Я молчал, уставившись в приборную доску.
– Ты пойми, – настойчиво продолжал Игорь, – первый момент, когда они увидят открытый гроб, – он самый острый, так всегда бывает. Большинство из них видело человека только живым и здоровым, потом его увозит «Скорая», потом сообщают, что он умер, и потом они видят его уже мертвым в гробу. Это невероятный шок. Люди в этот момент плохо владеют собой, плохо соображают, и очень часто вылезает то, что они хотели бы скрыть. Ну? Поможешь?
В общем, он меня уговорил.
И вот я стою в небольшом красивом зале, в центре которого возвышается открытый гроб, и наблюдаю за присутствующими, спрятав глаза за темными стеклами очков. Тут все в очках, все до единого, кроме самого младшего, шестилетнего Костика, и иди знай, то ли человек прикрывает покрасневшие и опухшие от слез веки, то ли хочет скрыть сухой, равнодушный или полный злорадства взгляд.

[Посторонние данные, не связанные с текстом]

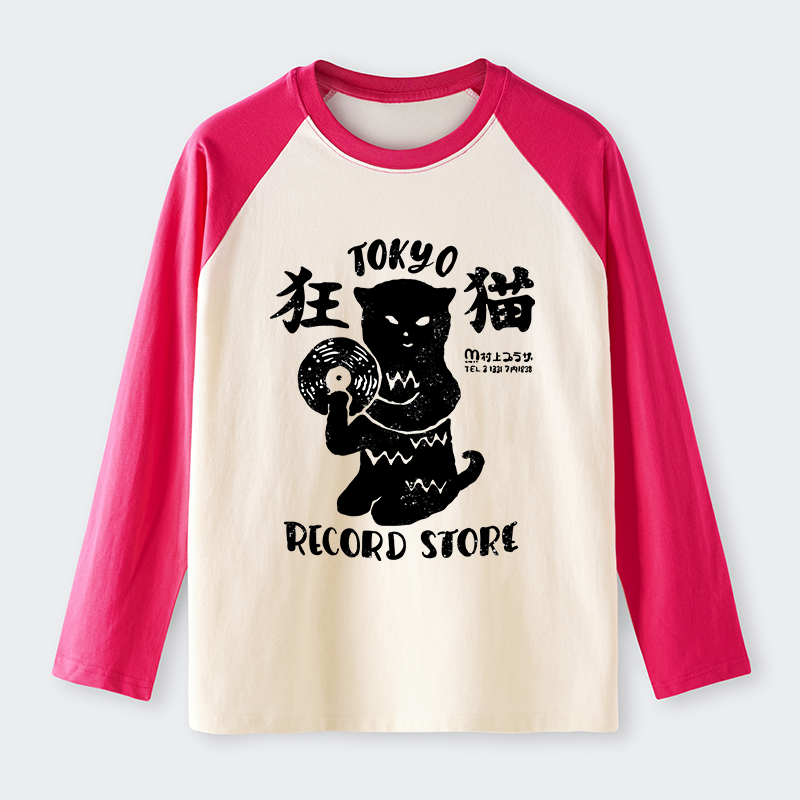 Tokyo-Tiger Tokyo Record Store Cat CD Raglan Long Sleeve T-shirt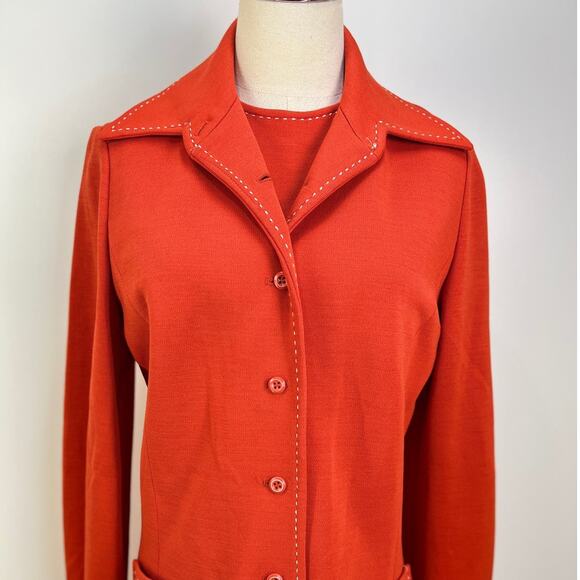 Vintage 70s Butte Knit Dress Set Red Preppy Modest - Picture 4 of 15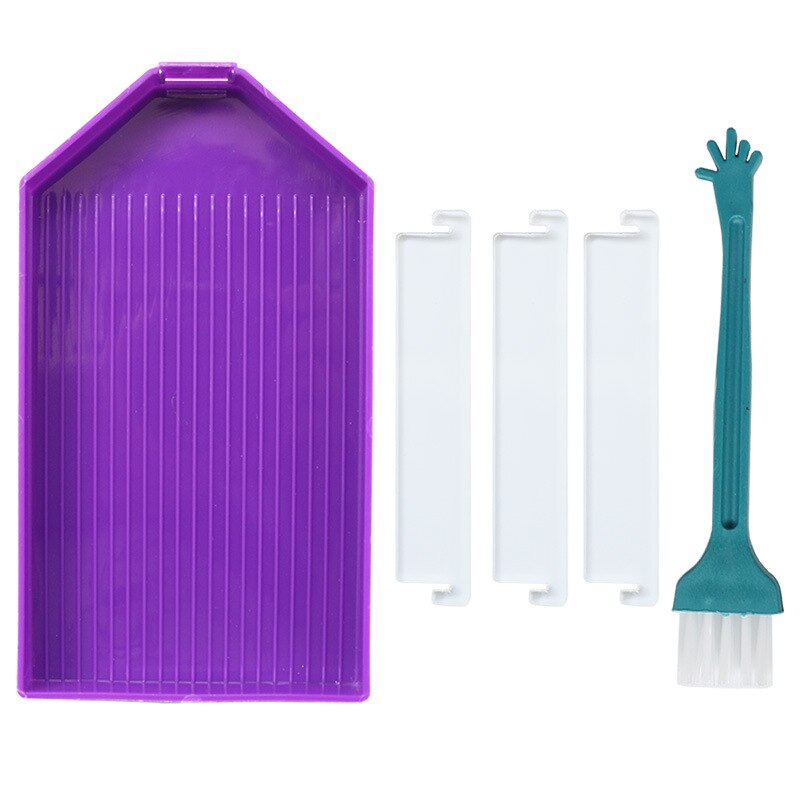 1pc stor kapacitet stor boreplade plastbakke store sæt diy diamant malebakke plade broderiværktøj broderitilbehør: Lilla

Кто из них убийца? Кто? А ведь это совершенно точно кто-то из них, потому что больше некому.
Мог ли я знать два года назад, когда пришел работать к Руденко, что все закончится вот так страшно?
* * *
Когда я был еще пацаном, мама постоянно твердила, что надо быть умнее, хитрее, осторожнее, что я со своим таранным прямодушием, которое я по наивности считал честностью, только настрадаюсь, а толку все равно не будет. По-видимому, мамуля была права, но, чтобы это оценить, мне понадобилось прожить без малого тридцать лет, набить синяки и шишки, завоевать кое-какие призы и медали вкупе со званием мастера спорта международного класса, побалансировать на грани инвалидности и в конце концов остаться без работы и без жилья. Вернее, жилье пока еще было, но очень условное, а вот работы не было совсем. Никакой. Условность же моего пристанища заключалась в том, что мне, скрипнув зубами, разрешили пожить в нем бесплатно, но очень короткое время.